* _THE TASK_
Every line of the material is to be transcribed verbatim, with images omitted.
Content starts
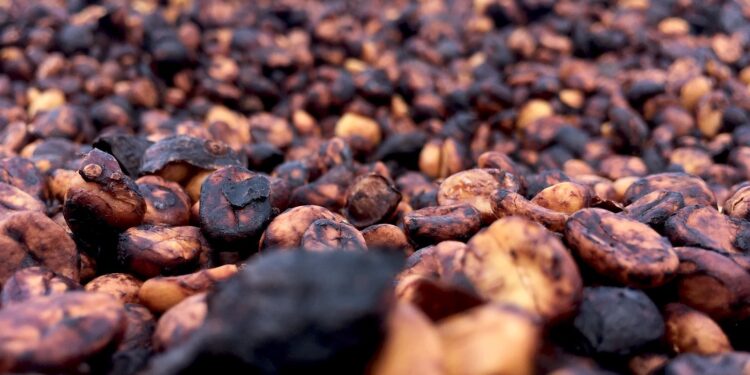 Honey Processing Coffee: A Method for Unique Flavors & Sustainability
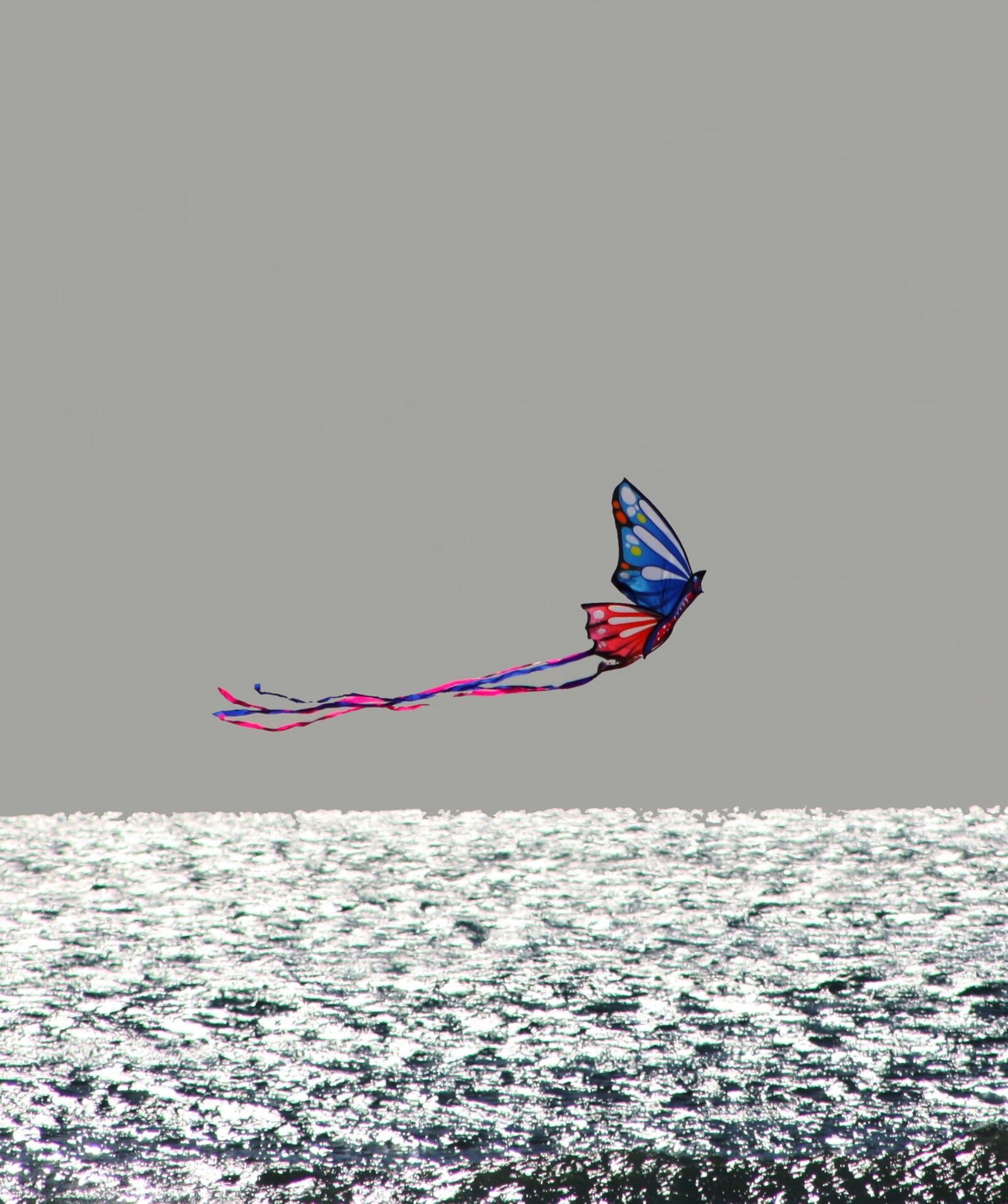 Canon EOS 1000D (EOS Digital Rebel XS / EOS Kiss F) sample photo. Sea, kite, nature photography
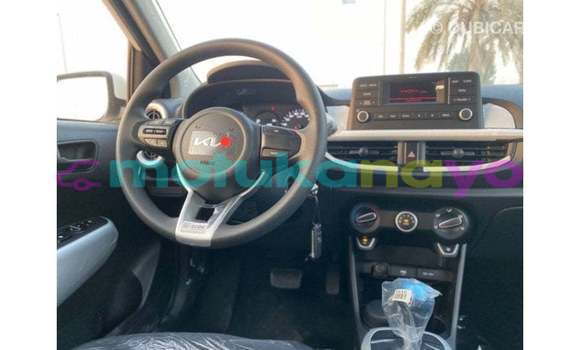 Buy Import Kia Picanto White Car in Import - Dubai in Bandundu Buy Import Kia Picanto White Car in Import - Dubai in Bandundu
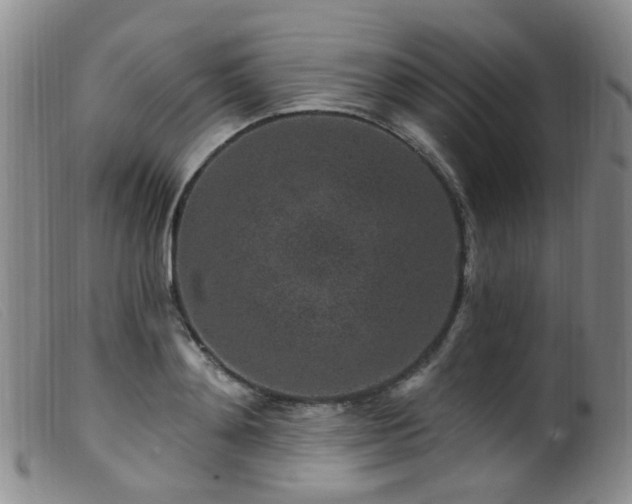 X0000099480892200805161132
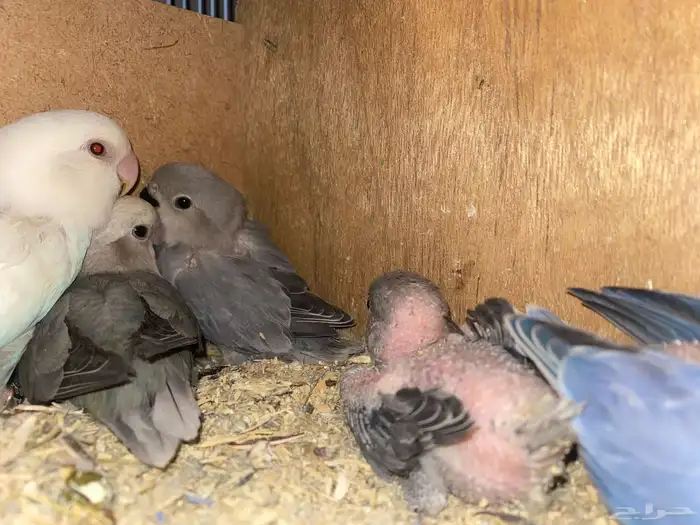جوز روز منتج تم  البيع 5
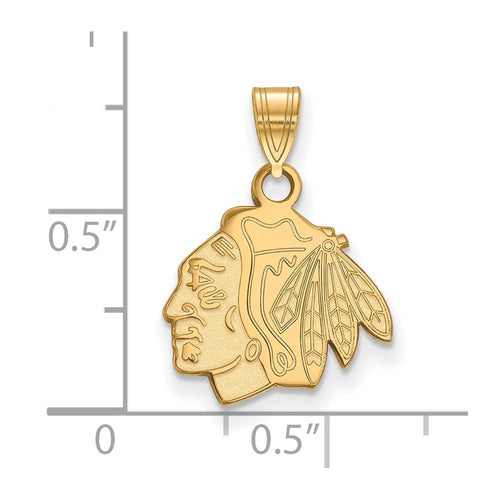 10k Gold NHL LogoArt Chicago Blackhawks Small Pendant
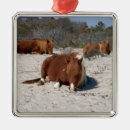 Suche nach wildpferde ornamente Natur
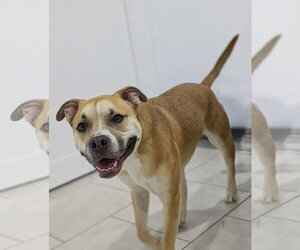 Boxer-Unknown Mix Dogs for adoption in The Woodlands, TX, USA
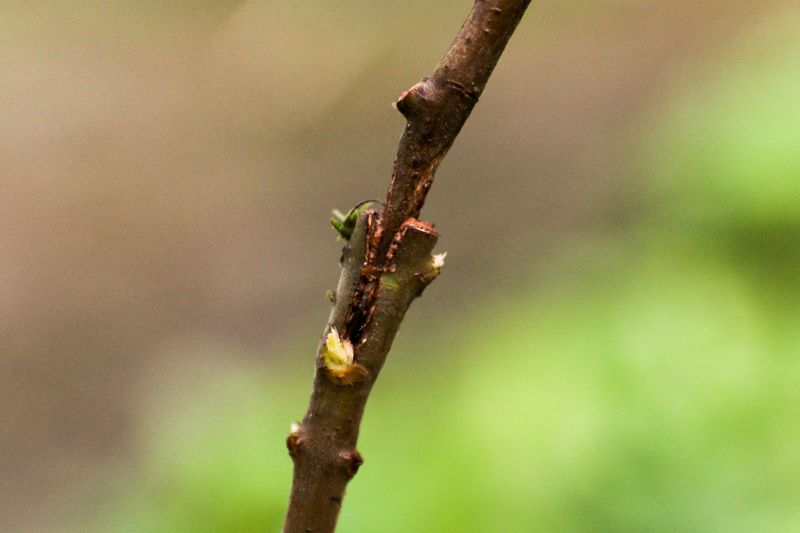 <div class='credito_fotos'>Foto: Pedro Guerreiro / Ag. Pará | <a href='/midias/2020/originais/5898_0eccdc97-b406-fcea-cb4c-b95f32e522c1.jpg' download><i class='fa-solid fa-download'></i> Download</a></div>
Content ends
* _SOLUTION TO THE EXERCISE_
 Honey Processing Coffee: A Method for Unique Flavors & Sustainability
 Canon EOS 1000D (EOS Digital Rebel XS / EOS Kiss F) sample photo. Sea, kite, nature photography
 Buy Import Kia Picanto White Car in Import - Dubai in Bandundu Buy Import Kia Picanto White Car in Import - Dubai in Bandundu
 X0000099480892200805161132
جوز روز منتج تم  البيع 5
 10k Gold NHL LogoArt Chicago Blackhawks Small Pendant
 Suche nach wildpferde ornamente Natur
 Boxer-Unknown Mix Dogs for adoption in The Woodlands, TX, USA
 <div class='credito_fotos'>Foto: Pedro Guerreiro / Ag. Pará | <a href='/midias/2020/originais/5898_0eccdc97-b406-fcea-cb4c-b95f32e522c1.jpg' download><i class='fa-solid fa-download'></i> Download</a></div>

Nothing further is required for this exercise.